Sample Compatibility & Compliance
The AP-CJ-150 accommodates test specimens up to 60 × 50 × 50 cm (W×H×D) and supports non-standard configurations via custom internal fixtures, cable ports (φ50 mm, optional), viewing windows, and adjustable stainless steel shelves. Its thermal uniformity—verified per GB/T 2423.22–2012 Clause 6.3—maintains ±2 °C deviation across 90% of the working volume at any setpoint. The system is validated for conformance to multiple national and industry-specific thermal shock protocols, including MIL-STD-810H Method 503.5, JEDEC JESD22-A106C, and AEC-Q200 stress categories. All control firmware and calibration records are structured to support FDA 21 CFR Part 11 compliance when paired with appropriate electronic signature modules and networked audit logging.
Software & Data Management
The integrated controller provides native CSV export of time-stamped temperature traces (sampled at 1 Hz), alarm history with timestamped event codes, and profile versioning with user-defined metadata tags. Optional Ethernet/IP or RS-485 Modbus RTU connectivity enables integration into centralized MES or LIMS platforms. Data integrity safeguards include write-protected memory partitions, cyclic redundancy checks (CRC-32) on all logged files, and automatic backup to external USB storage. For regulated environments, optional validation packages include IQ/OQ documentation templates aligned with ISO/IEC 17025 and ASTM E2500 guidelines.
Applications
This chamber is routinely employed in failure mode acceleration studies for solder joint fatigue (IPC-9701), polymer embrittlement analysis (ASTM D790), conformal coating adhesion verification (IPC-CC-830), and die-attach delamination screening in power modules. It serves as a critical tool in Design Verification Testing (DVT) for automotive ADAS sensors operating across –40 °C to +125 °C ambient envelopes, and in qualification of space-grade connectors per ECSS-Q-ST-70-08C. Universities and national metrology institutes use it for reference material stability assessment and inter-laboratory round-robin studies requiring NIST-traceable thermal transient characterization.
FAQ
What distinguishes a three-zone thermal shock chamber from a two-zone shuttle-type system?

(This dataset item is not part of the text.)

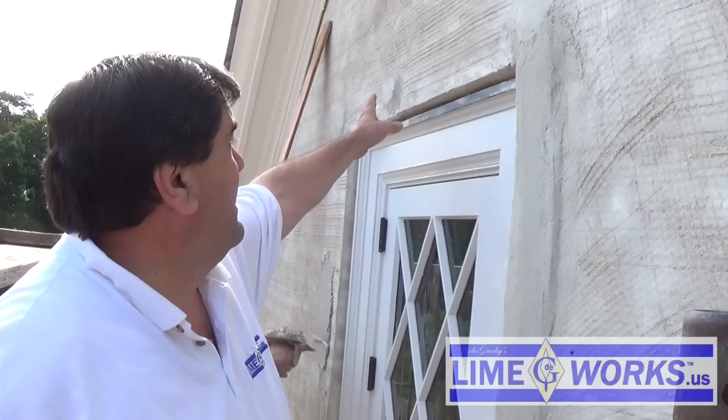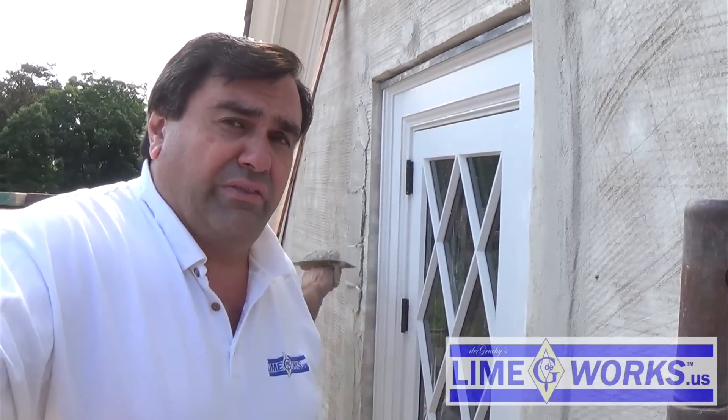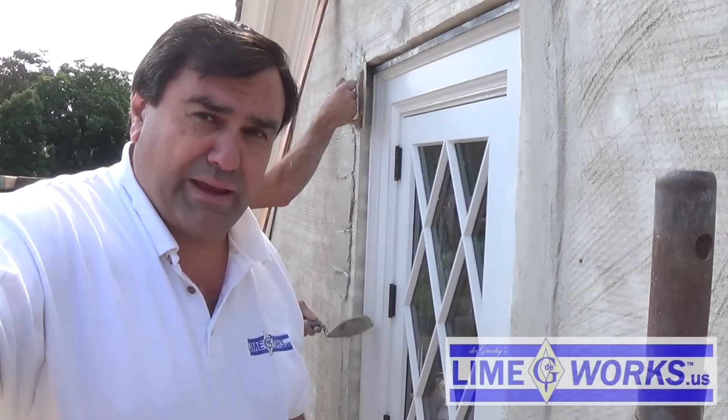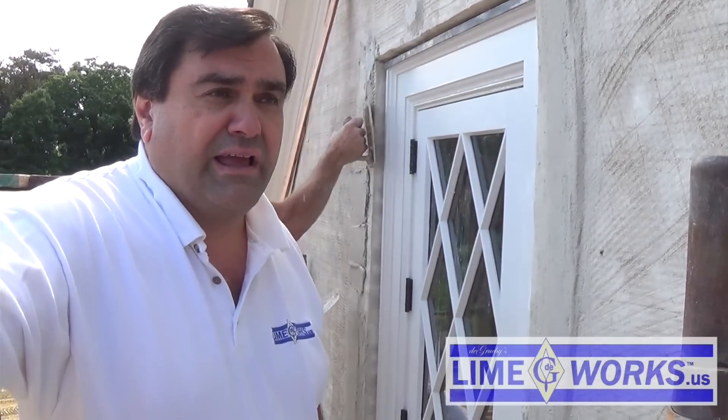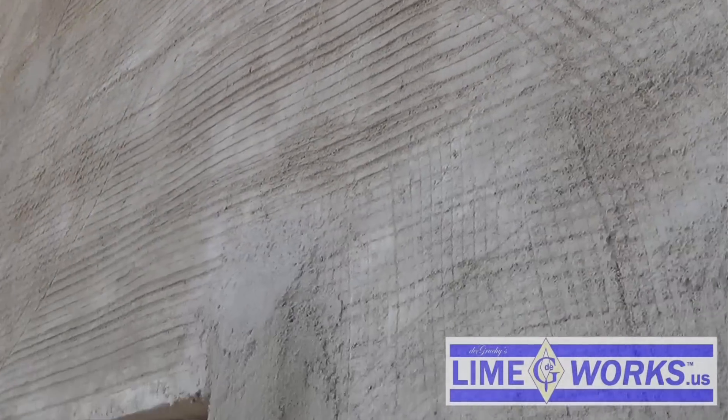After we did a scratch coat of NHL 5 and 2 sand, we came back and put dots, which are basically NHL 5 and 2 sand. The guys here leveled out the dots by dropping a plumb bob from up top straight down, getting the dots to go right underneath the line, then using four-foot levels to make sure they remained just under the line. Once they set them from top to bottom, they did side to side with a string line, and if the wall undulated at all, they made sure that the dot came right to the back of the line without pushing the line.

The three-zone architecture isolates thermal mass completely: samples remain stationary in the test zone while hot/cold air is pneumatically directed into that zone. This avoids mechanical wear, vibration-induced failures, and thermal overshoot common in moving-basket designs—critical for fragile MEMS devices and wafer-level packages.

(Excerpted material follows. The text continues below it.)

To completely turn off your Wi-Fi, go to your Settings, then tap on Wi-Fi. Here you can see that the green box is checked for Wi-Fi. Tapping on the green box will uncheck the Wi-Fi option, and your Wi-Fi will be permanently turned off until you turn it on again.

Can the AP-CJ-150 perform ramp-and-soak profiles, or is it limited to step-change shocks?
It supports both modes: standard thermal shock cycles (e.g., –55 °C ↔ +150 °C), as well as hybrid profiles combining dwell periods, linear ramps (0.5–10 °C/min), and hold steps—programmable via the TEMI or OYO interface.
Is calibration certification included with shipment?

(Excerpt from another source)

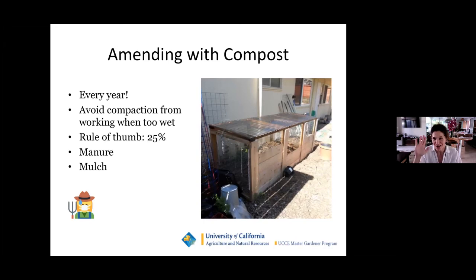Be sure to take a look for pests and problems — here are the top 20 garden problems in Marin. If you have any of these, you are in good company: ants, aphids, earwigs, scales, snails, slugs, yellow jackets, deer, gophers, raccoons, rats, and skunks. There are also diseases and blights: rust, peach leaf curl, and powdery mildew. Look around and find appropriate solutions so that you're catching problems early.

Yes—each unit ships with a factory calibration report traceable to CNAS-accredited standards (equivalent to ISO/IEC 17025), covering temperature uniformity, transition speed, and controller accuracy across the full operational range.
How is refrigerant maintenance handled under evolving environmental regulations?
R23 and R508B are currently exempt from phase-out under EPA SNAP Rule 27 and EU Regulation (EU) No 517/2014, with no mandated end-of-life date. APKJ provides sealed-system service kits and OEM-certified technician training for field replacement.
What electrical infrastructure is required for installation?
A dedicated 3-phase, 5-wire 380 V ±10% supply with minimum 63 A circuit breaker per phase is required; cooling water must be supplied at 15–30 °C, ≥3 bar pressure, and ≥1.2 m³/h flow rate for condenser heat rejection.